Morningside Botanical Bounty
Vallejo Resilient Neighborhood
Neighbor Team: Carla, Diane, Joanna and Chris, Jessica and Dominic
“Good solutions solve many problems at once. We believe that participating in the Resilient Hubs program is a
path toward solving an enormous range of personal, economic, neighborhood, environmental, and societal problems.”
Design and Scope:
Permaculture designer Ojan Mobedshahi designed each home to address its unique features and challenges, while approaching the four sites as part of a single shared ecosystem. Our objective was to restore valuable functions back to the neighborhood like producing food and cycling water, with the largest priority placed on increasing shade cover to help regulate temperature and mitigate extreme heat events.
Shade: Seven shade trees were selected and placed at the participating homes to help regulate temperature.
Water: Two laundry-to-landscape greywater systems were installed, while every home incorporated roofwater diversion into swales to reduce runoff and help recharge groundwater. Each home included sheet mulching to conserve water, and one replaced the full front lawn with a water-wise, edible landscape.
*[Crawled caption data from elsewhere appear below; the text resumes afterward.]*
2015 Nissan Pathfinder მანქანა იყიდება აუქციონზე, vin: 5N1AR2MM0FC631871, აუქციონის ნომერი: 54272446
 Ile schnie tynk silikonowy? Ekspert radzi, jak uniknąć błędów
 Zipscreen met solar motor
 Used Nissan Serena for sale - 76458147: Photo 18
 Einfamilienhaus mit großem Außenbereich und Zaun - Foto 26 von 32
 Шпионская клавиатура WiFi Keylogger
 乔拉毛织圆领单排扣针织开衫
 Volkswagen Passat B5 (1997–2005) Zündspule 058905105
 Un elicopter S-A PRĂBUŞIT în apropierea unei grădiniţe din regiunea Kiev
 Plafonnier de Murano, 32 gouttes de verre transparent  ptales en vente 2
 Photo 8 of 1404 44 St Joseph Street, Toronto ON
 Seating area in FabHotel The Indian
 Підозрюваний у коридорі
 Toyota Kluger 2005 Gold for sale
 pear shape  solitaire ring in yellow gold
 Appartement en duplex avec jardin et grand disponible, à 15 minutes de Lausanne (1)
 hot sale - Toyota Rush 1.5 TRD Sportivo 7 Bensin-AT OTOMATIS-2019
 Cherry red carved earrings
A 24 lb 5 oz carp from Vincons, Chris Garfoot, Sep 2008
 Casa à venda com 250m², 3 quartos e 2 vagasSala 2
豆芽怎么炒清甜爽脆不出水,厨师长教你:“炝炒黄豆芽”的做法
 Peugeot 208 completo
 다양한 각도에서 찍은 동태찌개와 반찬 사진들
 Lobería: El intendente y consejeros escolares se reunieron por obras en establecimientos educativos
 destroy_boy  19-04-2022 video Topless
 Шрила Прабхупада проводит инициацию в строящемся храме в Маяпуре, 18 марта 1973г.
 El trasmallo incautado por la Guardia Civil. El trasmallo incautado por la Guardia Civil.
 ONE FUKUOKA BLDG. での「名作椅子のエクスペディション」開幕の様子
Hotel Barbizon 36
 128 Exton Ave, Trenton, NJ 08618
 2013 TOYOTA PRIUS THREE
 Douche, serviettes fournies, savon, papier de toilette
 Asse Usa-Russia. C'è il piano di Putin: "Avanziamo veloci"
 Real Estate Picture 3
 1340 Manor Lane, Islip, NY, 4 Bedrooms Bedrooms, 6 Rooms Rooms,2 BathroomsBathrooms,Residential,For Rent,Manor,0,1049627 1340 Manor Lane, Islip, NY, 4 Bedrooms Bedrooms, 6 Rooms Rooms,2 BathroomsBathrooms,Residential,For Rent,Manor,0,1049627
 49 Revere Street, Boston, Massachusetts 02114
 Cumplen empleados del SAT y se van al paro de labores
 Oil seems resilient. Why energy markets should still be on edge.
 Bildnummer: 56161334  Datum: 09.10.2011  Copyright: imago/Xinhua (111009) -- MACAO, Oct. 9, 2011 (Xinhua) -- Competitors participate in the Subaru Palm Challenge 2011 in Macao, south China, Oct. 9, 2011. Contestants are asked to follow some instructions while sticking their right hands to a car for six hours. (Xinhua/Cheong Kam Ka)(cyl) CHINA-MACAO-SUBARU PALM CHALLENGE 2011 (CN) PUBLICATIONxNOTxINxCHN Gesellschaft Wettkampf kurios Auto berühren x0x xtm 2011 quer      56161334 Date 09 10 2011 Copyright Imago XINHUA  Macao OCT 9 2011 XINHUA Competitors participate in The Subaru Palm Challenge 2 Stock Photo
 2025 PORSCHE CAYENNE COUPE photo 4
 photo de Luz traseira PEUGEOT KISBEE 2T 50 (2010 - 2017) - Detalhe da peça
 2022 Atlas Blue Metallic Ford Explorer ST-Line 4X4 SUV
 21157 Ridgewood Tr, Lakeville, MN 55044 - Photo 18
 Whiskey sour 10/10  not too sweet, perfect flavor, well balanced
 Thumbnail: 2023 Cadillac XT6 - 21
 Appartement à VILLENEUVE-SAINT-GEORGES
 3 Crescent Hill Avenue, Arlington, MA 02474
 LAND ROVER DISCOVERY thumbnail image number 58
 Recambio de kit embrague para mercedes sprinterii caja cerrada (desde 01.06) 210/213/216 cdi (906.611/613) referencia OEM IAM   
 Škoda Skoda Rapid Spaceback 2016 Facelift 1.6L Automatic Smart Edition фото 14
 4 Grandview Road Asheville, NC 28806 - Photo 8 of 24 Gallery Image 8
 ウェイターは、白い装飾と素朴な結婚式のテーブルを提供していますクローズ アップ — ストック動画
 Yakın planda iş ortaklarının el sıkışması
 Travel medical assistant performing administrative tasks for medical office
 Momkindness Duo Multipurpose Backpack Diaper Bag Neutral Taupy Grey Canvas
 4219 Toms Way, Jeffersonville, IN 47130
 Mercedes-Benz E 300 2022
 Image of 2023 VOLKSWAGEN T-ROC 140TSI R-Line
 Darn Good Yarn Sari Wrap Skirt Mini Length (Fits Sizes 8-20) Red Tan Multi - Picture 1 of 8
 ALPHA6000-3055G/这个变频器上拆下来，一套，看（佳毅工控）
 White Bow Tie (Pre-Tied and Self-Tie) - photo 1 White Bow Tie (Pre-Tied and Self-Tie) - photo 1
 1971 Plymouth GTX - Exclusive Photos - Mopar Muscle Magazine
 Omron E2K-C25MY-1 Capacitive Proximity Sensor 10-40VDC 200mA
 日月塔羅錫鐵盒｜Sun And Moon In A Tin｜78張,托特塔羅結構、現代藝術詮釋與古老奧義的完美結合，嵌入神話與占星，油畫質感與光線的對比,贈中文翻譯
Sustainable Landscaping and Food Production: The homes incorporated 19 fruit trees along with an assortment of edible perennials, herbs and pollinator plants. The varieties of plants were strategically chosen to provide diversity across the homes and produce a varied crop of food to be shared between the neighbors. An herb spiral and two hugelkultures were included to accommodate individual homeowners’ unique interests while demonstrating useful sustainable landscaping techniques.
Efficiency: We partnered with Rising Sun Center for Opportunity through their Green House Calls program to provide energy audits and upgrades to each of the participating homes.
Below are some of the plant varieties used across the four homes in Morningside Botanical Bounty to create robust and vibrant water-wise landscapes.
Chitalpa, Western Redbud, Coast Live Oak, Crepe Myrtle, Sweet Bay, Pacific Wax Myrtle, Desert Willow
Lemon, Apple, Apricot, Plum, Pineapple Guava, Pluot, Fig, Peach, Mandarin, Elderberry, Loquat, Avocado, Mulberry
The installation of these four homes took place over a series of six Saturday workshops from May 25 – June 30, 2019. Each weekend brought a diverse mix of family, friends, surrounding neighbors and community members. The enormous amount of work accomplished by these dedicated individuals in such a short amount of time is truly astounding. It was a joy to watch the connections and bonds being formed between the team throughout this process. To see their support and investment in each other manifested in something so vibrant and tangible was a powerful experience, and we look forward to watching it mature along with their new gardens.
As with any project of this size, it was not without its challenges – from seemingly endless mountains of mulch to a spring heat wave that brought brutal 90-degree days, underscoring the importance and urgency of increasing shade in the neighborhood. Also, as this was the first installation of its kind for our organization, a lot of on-the-spot adaptations had to be made. The team generously worked with us through every obstacle as we came together to bring this new program life: problem-solving, adapting and doing it all with a smile — a true embodiment of resilience.
Hopes for the Future:
Our collaboration with the Morningside Botanical Bounty team has given us great hope for the future of Resilient Neighborhoods. They have beautifully demonstrated the power of people and embody our vision of an engaged community. As the team wrote at the start of this process, “It is our hope that this hub can help start a movement. Over the long term, we have bigger goals: to fill the city with green, bring environmental education to the schools, and help catalyze a sustainable local food economy.”
“We hope to work with the greater community in a number of ways, including (but not limited to): opening our houses and gardens for tours; hosting workshops and work parties; serving as a distribution/communications hub for resources in case of emergency; and advocating for environmentally sustainable policies with community groups and local government.”